# Problem to solve:
The response must consist of the lines below from the one with "Pork Pie Gold With Leopard Print Throne" through the one with "F1, black/green PRE-ORD3R", exactly as they appear and with both ends kept.

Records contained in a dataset
····················

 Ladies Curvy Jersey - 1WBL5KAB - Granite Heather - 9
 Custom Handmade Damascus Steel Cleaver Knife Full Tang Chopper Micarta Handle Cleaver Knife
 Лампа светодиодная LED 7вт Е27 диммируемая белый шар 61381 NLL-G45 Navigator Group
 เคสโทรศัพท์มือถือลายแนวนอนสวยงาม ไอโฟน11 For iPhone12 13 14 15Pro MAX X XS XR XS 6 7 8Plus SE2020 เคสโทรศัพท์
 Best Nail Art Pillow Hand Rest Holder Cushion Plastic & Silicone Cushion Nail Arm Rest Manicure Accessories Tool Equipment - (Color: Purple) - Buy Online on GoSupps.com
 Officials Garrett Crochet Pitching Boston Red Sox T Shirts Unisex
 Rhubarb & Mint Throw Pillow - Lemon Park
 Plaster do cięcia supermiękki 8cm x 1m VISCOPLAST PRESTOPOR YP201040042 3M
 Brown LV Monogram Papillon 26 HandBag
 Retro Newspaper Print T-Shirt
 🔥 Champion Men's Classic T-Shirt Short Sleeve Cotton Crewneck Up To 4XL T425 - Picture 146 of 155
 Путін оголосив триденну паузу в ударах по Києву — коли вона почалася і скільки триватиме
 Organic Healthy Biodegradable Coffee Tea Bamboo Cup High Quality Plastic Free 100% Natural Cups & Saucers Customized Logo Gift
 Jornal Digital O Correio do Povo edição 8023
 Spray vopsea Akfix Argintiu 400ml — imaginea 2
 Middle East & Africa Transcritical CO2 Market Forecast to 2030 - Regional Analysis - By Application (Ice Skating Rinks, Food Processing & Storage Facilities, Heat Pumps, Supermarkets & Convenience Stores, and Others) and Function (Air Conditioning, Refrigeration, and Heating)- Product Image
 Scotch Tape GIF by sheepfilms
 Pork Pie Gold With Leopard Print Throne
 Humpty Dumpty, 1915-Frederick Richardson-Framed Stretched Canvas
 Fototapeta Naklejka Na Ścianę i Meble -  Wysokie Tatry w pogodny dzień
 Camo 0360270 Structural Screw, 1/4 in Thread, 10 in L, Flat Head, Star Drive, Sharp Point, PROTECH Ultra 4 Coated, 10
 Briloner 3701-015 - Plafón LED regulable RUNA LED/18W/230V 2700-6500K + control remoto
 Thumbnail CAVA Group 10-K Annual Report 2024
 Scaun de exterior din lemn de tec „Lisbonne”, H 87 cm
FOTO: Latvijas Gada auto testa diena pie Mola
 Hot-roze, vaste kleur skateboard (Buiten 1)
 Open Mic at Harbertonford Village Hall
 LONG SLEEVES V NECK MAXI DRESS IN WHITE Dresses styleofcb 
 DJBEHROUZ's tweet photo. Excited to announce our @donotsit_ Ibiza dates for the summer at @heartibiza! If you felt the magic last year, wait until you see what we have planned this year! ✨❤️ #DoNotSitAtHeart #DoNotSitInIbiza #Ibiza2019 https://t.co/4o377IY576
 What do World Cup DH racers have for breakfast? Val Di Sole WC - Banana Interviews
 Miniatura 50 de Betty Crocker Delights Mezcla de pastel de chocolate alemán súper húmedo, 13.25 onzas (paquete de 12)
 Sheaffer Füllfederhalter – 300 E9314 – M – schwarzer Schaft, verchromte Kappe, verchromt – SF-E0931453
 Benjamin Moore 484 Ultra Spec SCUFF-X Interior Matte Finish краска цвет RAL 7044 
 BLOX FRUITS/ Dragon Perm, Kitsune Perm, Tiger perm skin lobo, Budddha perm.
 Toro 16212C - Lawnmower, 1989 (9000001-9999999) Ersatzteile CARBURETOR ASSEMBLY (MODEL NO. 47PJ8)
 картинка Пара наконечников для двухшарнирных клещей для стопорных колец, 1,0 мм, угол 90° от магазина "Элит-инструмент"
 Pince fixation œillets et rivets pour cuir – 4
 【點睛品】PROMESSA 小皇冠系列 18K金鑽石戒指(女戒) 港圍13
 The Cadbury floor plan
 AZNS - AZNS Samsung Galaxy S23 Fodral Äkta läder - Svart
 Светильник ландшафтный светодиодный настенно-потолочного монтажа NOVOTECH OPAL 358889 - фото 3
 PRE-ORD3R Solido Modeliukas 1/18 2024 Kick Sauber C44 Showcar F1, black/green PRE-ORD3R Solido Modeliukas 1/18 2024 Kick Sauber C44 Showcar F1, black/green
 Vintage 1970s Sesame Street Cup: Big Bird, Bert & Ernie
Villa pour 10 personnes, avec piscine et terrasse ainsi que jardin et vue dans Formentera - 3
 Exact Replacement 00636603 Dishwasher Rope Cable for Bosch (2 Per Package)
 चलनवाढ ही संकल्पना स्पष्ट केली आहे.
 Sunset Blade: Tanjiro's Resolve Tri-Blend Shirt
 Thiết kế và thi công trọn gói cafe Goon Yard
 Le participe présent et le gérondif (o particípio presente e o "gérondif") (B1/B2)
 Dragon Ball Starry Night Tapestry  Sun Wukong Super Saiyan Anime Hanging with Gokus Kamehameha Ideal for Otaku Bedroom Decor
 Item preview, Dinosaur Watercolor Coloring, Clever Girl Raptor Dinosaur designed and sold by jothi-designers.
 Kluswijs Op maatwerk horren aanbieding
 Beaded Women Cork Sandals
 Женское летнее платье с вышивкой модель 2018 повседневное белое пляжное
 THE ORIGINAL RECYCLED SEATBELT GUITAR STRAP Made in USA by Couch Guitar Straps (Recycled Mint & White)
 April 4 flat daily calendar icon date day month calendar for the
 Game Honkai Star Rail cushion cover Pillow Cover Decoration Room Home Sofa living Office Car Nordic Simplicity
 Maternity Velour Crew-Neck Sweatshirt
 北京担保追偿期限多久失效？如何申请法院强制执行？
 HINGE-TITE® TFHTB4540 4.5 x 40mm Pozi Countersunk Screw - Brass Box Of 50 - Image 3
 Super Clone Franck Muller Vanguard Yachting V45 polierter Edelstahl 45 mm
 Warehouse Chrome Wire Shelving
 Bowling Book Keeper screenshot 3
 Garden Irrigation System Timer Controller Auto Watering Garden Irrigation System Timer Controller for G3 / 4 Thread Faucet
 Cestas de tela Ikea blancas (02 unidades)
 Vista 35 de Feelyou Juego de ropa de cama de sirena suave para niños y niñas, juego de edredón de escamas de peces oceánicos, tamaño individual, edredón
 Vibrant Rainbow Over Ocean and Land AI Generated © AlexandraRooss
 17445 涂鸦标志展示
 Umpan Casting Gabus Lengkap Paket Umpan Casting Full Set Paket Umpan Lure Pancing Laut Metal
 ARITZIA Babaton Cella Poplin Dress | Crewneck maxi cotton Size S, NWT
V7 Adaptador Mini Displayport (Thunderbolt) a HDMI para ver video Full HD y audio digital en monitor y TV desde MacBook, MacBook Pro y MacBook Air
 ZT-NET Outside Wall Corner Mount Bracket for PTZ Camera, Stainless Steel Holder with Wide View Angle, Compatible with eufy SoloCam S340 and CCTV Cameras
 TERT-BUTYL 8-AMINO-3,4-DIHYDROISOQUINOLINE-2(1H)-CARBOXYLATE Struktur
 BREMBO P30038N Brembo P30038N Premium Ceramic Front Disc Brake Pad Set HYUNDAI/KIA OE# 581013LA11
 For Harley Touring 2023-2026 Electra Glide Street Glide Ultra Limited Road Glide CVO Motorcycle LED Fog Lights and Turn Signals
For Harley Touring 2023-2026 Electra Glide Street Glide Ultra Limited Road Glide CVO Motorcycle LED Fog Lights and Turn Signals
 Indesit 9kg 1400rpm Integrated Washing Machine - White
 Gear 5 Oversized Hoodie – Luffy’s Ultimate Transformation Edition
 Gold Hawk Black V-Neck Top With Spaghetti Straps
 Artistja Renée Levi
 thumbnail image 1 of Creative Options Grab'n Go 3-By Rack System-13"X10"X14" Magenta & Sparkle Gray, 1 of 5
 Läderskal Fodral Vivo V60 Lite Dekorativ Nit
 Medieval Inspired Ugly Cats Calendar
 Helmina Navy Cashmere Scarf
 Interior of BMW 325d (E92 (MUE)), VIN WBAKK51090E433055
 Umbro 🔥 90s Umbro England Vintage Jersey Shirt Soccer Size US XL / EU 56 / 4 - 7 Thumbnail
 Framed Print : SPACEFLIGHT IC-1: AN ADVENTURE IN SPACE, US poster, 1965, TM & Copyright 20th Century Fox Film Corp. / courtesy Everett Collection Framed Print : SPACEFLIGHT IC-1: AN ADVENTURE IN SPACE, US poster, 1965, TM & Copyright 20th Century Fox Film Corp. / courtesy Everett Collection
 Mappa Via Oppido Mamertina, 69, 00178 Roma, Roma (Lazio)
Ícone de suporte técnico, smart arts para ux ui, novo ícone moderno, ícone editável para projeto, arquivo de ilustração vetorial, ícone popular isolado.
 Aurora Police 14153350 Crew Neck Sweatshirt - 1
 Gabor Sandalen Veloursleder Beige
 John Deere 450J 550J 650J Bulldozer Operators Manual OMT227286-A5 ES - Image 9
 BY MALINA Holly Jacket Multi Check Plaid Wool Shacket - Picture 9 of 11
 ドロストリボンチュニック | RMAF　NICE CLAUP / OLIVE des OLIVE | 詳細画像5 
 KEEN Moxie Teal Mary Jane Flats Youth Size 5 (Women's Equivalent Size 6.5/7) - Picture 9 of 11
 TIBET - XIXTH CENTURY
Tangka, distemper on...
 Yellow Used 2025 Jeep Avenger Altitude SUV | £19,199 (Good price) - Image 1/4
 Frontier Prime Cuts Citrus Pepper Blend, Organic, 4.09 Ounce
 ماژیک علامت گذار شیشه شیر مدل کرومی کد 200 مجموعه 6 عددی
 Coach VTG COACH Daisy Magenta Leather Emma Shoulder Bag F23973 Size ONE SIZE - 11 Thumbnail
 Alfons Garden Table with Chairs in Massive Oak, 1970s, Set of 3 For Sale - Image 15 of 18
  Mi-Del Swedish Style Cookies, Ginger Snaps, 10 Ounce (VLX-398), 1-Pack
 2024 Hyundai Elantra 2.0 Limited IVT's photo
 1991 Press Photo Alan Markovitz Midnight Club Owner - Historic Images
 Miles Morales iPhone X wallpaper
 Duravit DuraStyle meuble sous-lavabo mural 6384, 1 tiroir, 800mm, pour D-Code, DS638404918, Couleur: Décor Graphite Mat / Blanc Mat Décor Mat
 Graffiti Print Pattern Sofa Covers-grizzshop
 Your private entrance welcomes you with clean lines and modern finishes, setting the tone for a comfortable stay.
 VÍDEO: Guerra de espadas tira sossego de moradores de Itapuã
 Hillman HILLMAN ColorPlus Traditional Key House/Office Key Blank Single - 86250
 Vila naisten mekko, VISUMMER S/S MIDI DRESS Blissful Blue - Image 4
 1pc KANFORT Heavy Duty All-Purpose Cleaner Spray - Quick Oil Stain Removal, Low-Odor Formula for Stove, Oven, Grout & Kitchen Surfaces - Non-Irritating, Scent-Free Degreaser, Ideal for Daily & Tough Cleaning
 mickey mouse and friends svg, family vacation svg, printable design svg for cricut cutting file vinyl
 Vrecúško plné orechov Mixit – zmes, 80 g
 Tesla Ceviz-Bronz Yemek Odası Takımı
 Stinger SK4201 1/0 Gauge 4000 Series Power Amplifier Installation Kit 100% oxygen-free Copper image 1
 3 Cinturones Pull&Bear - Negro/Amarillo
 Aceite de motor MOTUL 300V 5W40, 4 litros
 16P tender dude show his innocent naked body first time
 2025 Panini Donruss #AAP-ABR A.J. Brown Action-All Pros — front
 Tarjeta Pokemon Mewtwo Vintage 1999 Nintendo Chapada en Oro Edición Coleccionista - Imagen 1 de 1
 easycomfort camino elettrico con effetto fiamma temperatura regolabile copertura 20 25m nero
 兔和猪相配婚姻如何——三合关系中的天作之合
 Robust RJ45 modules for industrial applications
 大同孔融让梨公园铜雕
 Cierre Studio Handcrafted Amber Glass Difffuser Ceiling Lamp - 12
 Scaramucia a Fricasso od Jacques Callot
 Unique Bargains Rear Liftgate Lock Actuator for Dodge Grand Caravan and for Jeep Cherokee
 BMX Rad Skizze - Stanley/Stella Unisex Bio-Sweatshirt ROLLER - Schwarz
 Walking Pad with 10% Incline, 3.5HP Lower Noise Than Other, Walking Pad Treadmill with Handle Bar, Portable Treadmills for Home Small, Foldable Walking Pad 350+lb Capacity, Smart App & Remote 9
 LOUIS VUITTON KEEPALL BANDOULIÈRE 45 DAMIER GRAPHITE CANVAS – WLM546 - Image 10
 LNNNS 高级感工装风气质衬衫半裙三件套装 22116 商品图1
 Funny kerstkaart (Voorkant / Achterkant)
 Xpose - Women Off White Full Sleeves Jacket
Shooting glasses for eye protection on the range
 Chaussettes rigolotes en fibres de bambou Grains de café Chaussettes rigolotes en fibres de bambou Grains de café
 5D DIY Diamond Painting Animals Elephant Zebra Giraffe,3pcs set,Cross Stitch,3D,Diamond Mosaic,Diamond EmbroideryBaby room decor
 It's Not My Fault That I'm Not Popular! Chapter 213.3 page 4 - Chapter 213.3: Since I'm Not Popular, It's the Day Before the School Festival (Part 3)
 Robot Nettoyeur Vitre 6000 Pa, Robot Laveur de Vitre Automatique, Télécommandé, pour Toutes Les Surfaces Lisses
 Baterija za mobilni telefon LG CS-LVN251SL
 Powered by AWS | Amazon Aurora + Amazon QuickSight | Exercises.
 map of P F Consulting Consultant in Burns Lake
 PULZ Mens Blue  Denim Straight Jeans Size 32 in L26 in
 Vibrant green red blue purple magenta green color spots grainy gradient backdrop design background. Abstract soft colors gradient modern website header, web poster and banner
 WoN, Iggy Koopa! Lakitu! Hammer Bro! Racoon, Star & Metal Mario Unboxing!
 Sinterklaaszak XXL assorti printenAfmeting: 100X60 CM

····················

# Answer below:
 Pork Pie Gold With Leopard Print Throne
 Humpty Dumpty, 1915-Frederick Richardson-Framed Stretched Canvas
 Fototapeta Naklejka Na Ścianę i Meble -  Wysokie Tatry w pogodny dzień
 Camo 0360270 Structural Screw, 1/4 in Thread, 10 in L, Flat Head, Star Drive, Sharp Point, PROTECH Ultra 4 Coated, 10
 Briloner 3701-015 - Plafón LED regulable RUNA LED/18W/230V 2700-6500K + control remoto
 Thumbnail CAVA Group 10-K Annual Report 2024
 Scaun de exterior din lemn de tec „Lisbonne”, H 87 cm
FOTO: Latvijas Gada auto testa diena pie Mola
 Hot-roze, vaste kleur skateboard (Buiten 1)
 Open Mic at Harbertonford Village Hall
 LONG SLEEVES V NECK MAXI DRESS IN WHITE Dresses styleofcb 
 DJBEHROUZ's tweet photo. Excited to announce our @donotsit_ Ibiza dates for the summer at @heartibiza! If you felt the magic last year, wait until you see what we have planned this year! ✨❤️ #DoNotSitAtHeart #DoNotSitInIbiza #Ibiza2019 https://t.co/4o377IY576
 What do World Cup DH racers have for breakfast? Val Di Sole WC - Banana Interviews
 Miniatura 50 de Betty Crocker Delights Mezcla de pastel de chocolate alemán súper húmedo, 13.25 onzas (paquete de 12)
 Sheaffer Füllfederhalter – 300 E9314 – M – schwarzer Schaft, verchromte Kappe, verchromt – SF-E0931453
 Benjamin Moore 484 Ultra Spec SCUFF-X Interior Matte Finish краска цвет RAL 7044 
 BLOX FRUITS/ Dragon Perm, Kitsune Perm, Tiger perm skin lobo, Budddha perm.
 Toro 16212C - Lawnmower, 1989 (9000001-9999999) Ersatzteile CARBURETOR ASSEMBLY (MODEL NO. 47PJ8)
 картинка Пара наконечников для двухшарнирных клещей для стопорных колец, 1,0 мм, угол 90° от магазина "Элит-инструмент"
 Pince fixation œillets et rivets pour cuir – 4
 【點睛品】PROMESSA 小皇冠系列 18K金鑽石戒指(女戒) 港圍13
 The Cadbury floor plan
 AZNS - AZNS Samsung Galaxy S23 Fodral Äkta läder - Svart
 Светильник ландшафтный светодиодный настенно-потолочного монтажа NOVOTECH OPAL 358889 - фото 3
 PRE-ORD3R Solido Modeliukas 1/18 2024 Kick Sauber C44 Showcar F1, black/green PRE-ORD3R Solido Modeliukas 1/18 2024 Kick Sauber C44 Showcar F1, black/green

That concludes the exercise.